幸せは何物にも比例しない 前編

僕の最初の記憶は心地良い風の吹く草原の光景だった。


 そこには木造の一軒家がポツンと建っていた。




 家の扉を開けると、赤ん坊が入った揺り籠が床に無造作に置いてある。その赤ん坊は泣くこともせず、ただじっと僕をみつめていた。






 それがジャスティスとの出会いだった。






 僕はそこで赤ん坊を育てながら住むことにした。記憶はないが、この世界の常識は何故か頭に入っていた。家の本棚には大量の紙幣が積まれていており、仰天したが、おかげで生活に困ることはなかった。




 また僕は自分がどんな魔法が使えるか研究してみた。


 基礎的な魔法に挑戦してみると、あっさりと使え、さらにほぼ全ての属性の魔法を使えることが出来た。




 ある日、召喚魔法を使おうとする。召喚魔法とは実体のない圧縮された情報集合体を魔法陣という触媒によって、現実世界に呼び起こす魔法だ。これと対するのが封印魔法である。また封印し、召喚するための容量は人それぞれ大小の差がある。
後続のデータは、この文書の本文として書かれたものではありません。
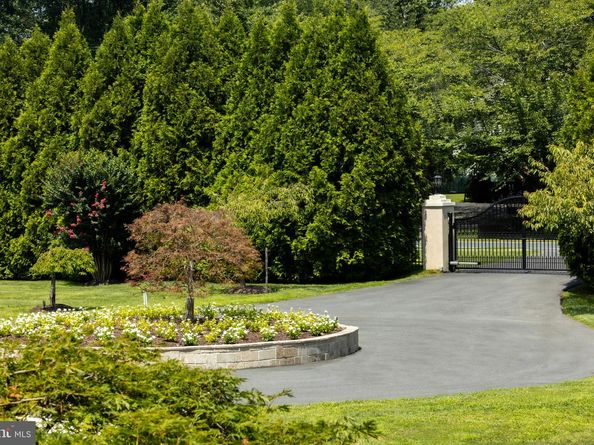 9431 Newbridge Drive, Potomac MD 20854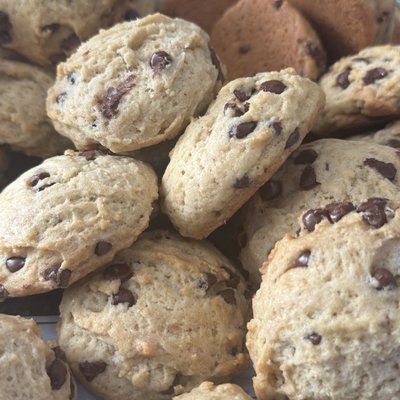 Sourdough Discard Chocolate Chip Cookies (12 Count)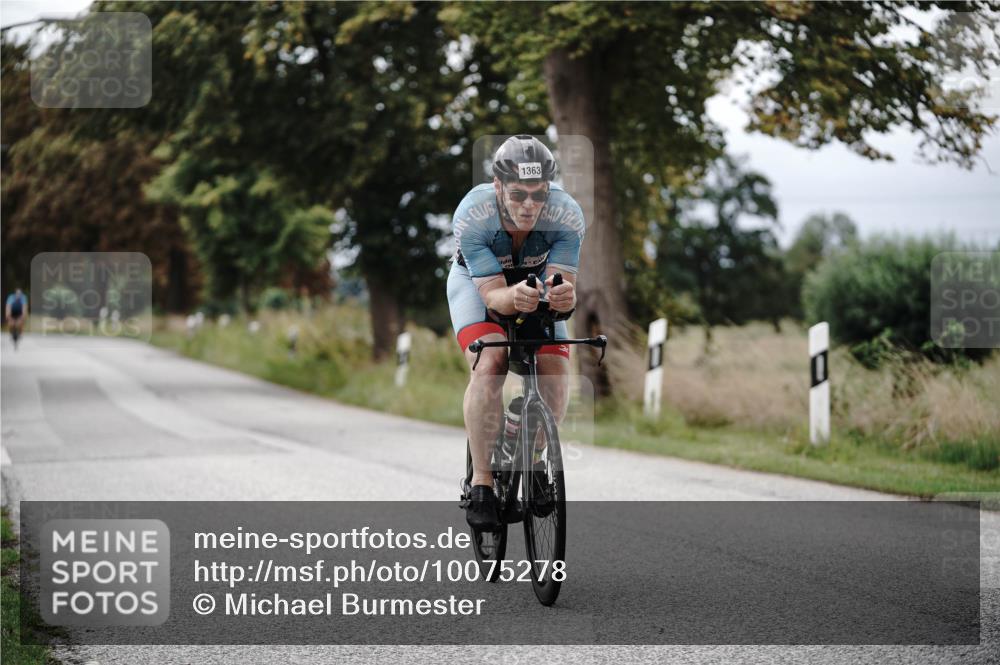 30.08.2026 - Elbe Triathlon Hamburg Michael Burmester http://msf.ph/oto/10075278 30.08.2026 11:01:50 Radfahren 1363 meine-sportfotos.de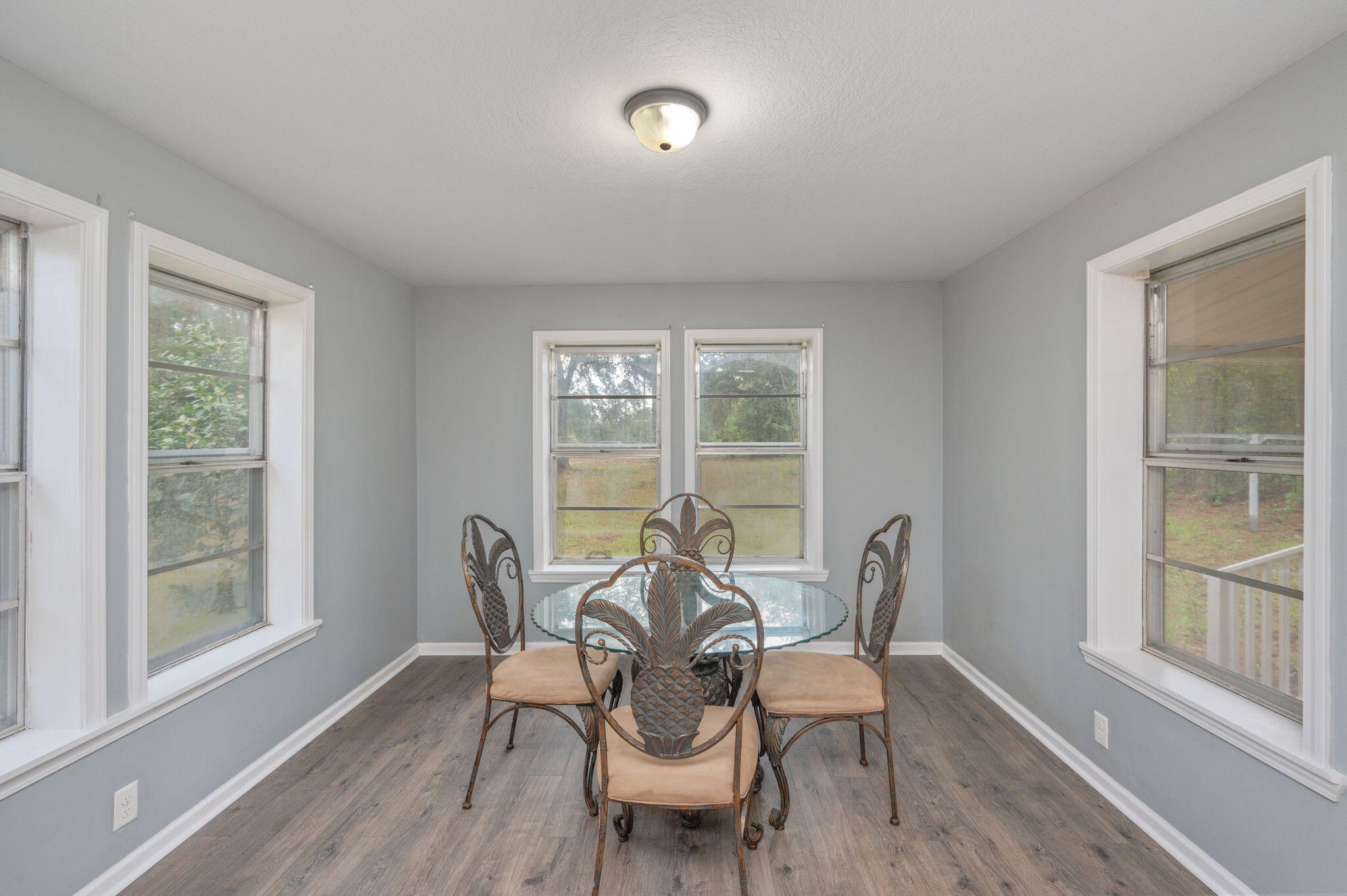 METES & BOUNDS - Residential Lease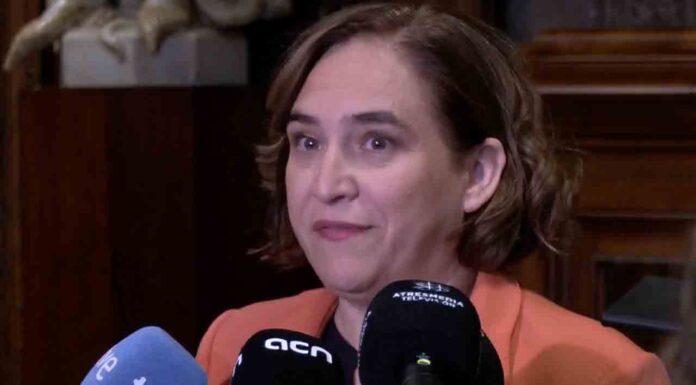 ¿Quién está detrás de la entidad fantasma que demanda a Colau? ¿Quién está detrás de la entidad fantasma que demanda a Colau?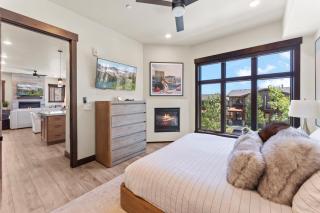 Heated Pool, Gourmet Kitchen, Pet Friendly, Gym, Walk to Canyons Village, 2 Private Patios - 6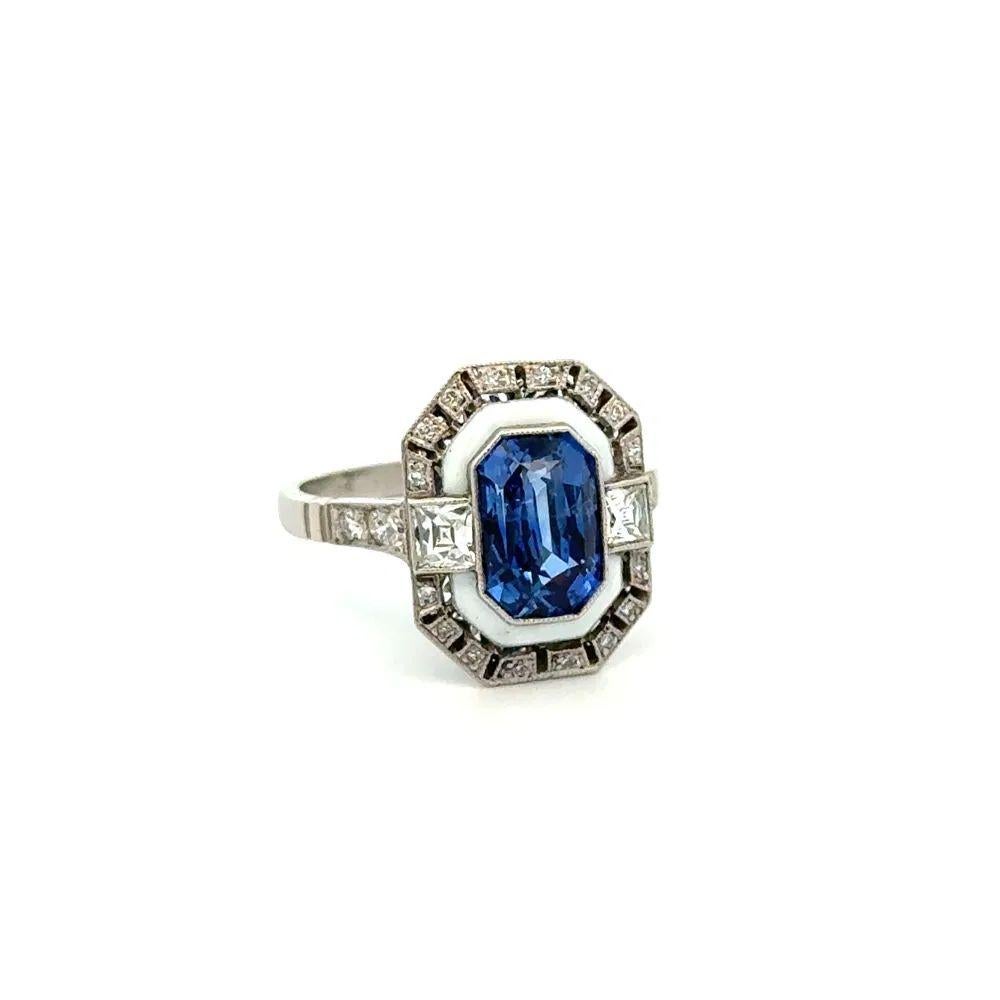 Einfach schön! Vintage Fein detailliert Luxuriöser Blauer Saphir, Emaille und Diamant Platin Estate Statement Cocktail Ring. Im Mittelpunkt steht ein sicher eingebetteter, von Hand gefasster blauer Saphir im Smaragdschliff von 3,05 Karat, der für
 自分の容量を調べてみるとすでに封印しているものが無数にあった。試しにその一つを召喚してみると、それは服を着てない少女だった。




「うわ!誰!?」


「はぁ?私の顔忘れたぁ?寝ぼけてんじゃねーよ」




 僕は記憶がないことを説明する。




「呆れた。私たちに何も言わないなんて」


「君は一体何者なんだ」


「剣よ」


「え?」




 少女はため息をつきながらも、いろいろと説明してくれた。彼女は主人を明確に認識する魔法剣であること。昔の自分によって人格を植え付けられ、人の体を与えられたこと。そしてそういった存在を何体も作り出し、封印していたこと。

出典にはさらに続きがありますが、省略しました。